Le interviste raccontano solo l'Eastwood regista, e si fermano fino a J. Edgar. Si dipanano dietro direttrici intuibili e sotto molti aspetti sembrano "pilotate" dolcemente anche da Eastwood, che sa come rispondere e come accompagnare quindi gli intervistatori verso domande interessanti e intelligenti.
Tra gli elementi che arrivano subito al lettore, spicca come venga intesa da Eastwood la praticità: in realtà, è uno strumento per arrivare immediatamente all'autenticità, senza tanti fronzoli; più prove fai, infatti, e più si perderà la spontaneità della recitazione e dell'idea filmica. Eccoli lì che il mantenersi sotto i budget previsti sembra quasi una cifra stilistica; paradossale, insomma, che il punto d'incontro tra i produttori ed Eastwood sia un elemento che sembra una cosa ma che in realtà è ben altro.
Un altro pregio di Eastwood è che non pretende di sapere cosa penserà lo spettatore. E neanche pretende che lo spettatore capisca quello che per lui dev'essere capito; una (doppia) dote rarissima, che solo persone umili ma determinate riescono a mantenere nel giusto equilibrio.
Infine, la serenità: notoriamente Eastwood mette a proprio agio attori e tecnici, creando un ambiente favorevole al buon lavoro, a seguire e arricchire il progetto, a stimolare idee e intuizioni dei professionisti coinvolti. Tant'è che in alcune circostanze, Eastwood per primo ha cambiato idea in corsa, stimolato proprio da quello stesso ambiente così accogliente e proattivo.
Fin qui abbiamo parlato di carattere. Quello che reputo essere il vero talento di Eastwood è saper scegliere il film da girare e come girarlo, seguendo solo i propri gusti, senza compromessi con il voler compiacere ad ogni costo o la ricerca del successo. Il che non significa essere "contro" in maniera gratuita e stucchevole, ma semplicemente attenersi alla propria personalità.

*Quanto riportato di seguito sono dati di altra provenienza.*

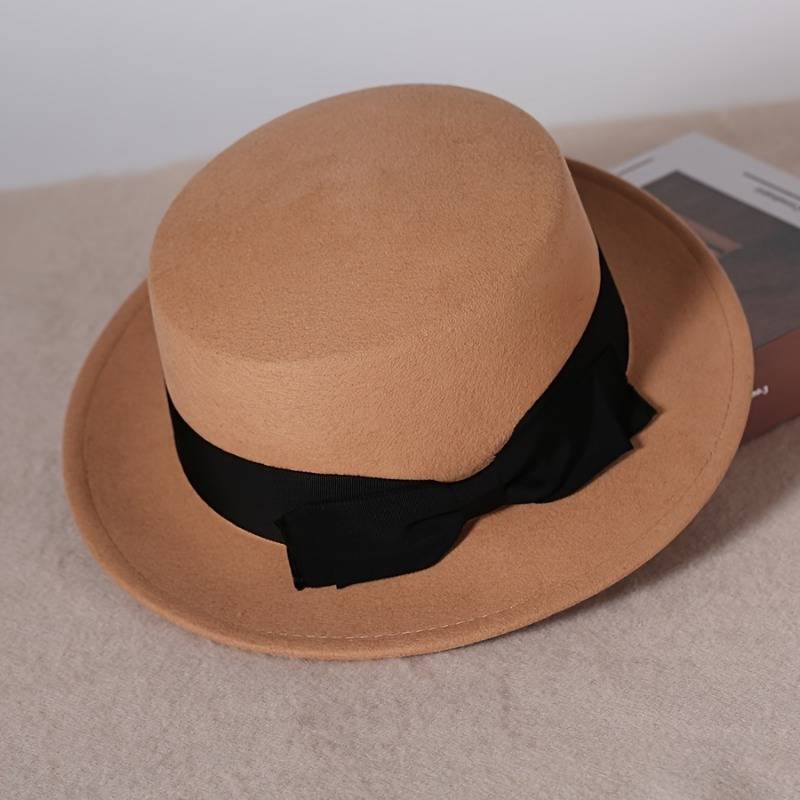 Women's Elegant Wool Felt Bow Hat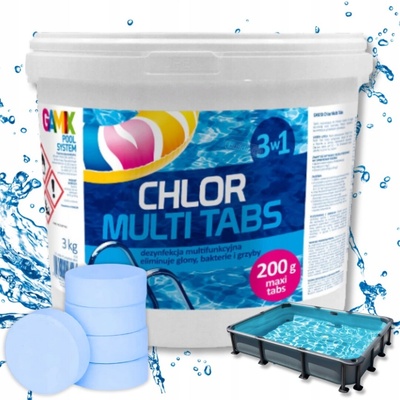 Gamix Chlórové tablety 3 kg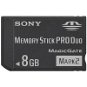 SONY Memory Stick PRO DUO 8GB Mark2 + adapter - Memory Card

Sono interviste ricche, che in rari casi vedono ribadire alcuni pensieri in contesti diversi: in realtà, è un pregio, perché consente al lettore di mantenere ben saldo nella memoria quel pensiero del regista, per sperimentarlo in ambiti differenti.
Conosco la filmografia e le interpretazioni di Eastwood dagli inizi, quando cioè qui in Italia andava odiato perché "fascista". Ero molto giovane e mi colpiva sia la virulenza di quelle posizioni che il pregiudizio intellettuale che le alimentava. Mai come in questo caso, però, la pochezza della critica militante fece un favore alla persona che insultava, visto che più aggrediva Eastwood e più si gonfiavano le fila dei suoi estimatori. Anzi, invecchiando, Eastwood si è preso una rivincita, visto che anche quei contestatori si sono trasformati in estimatori.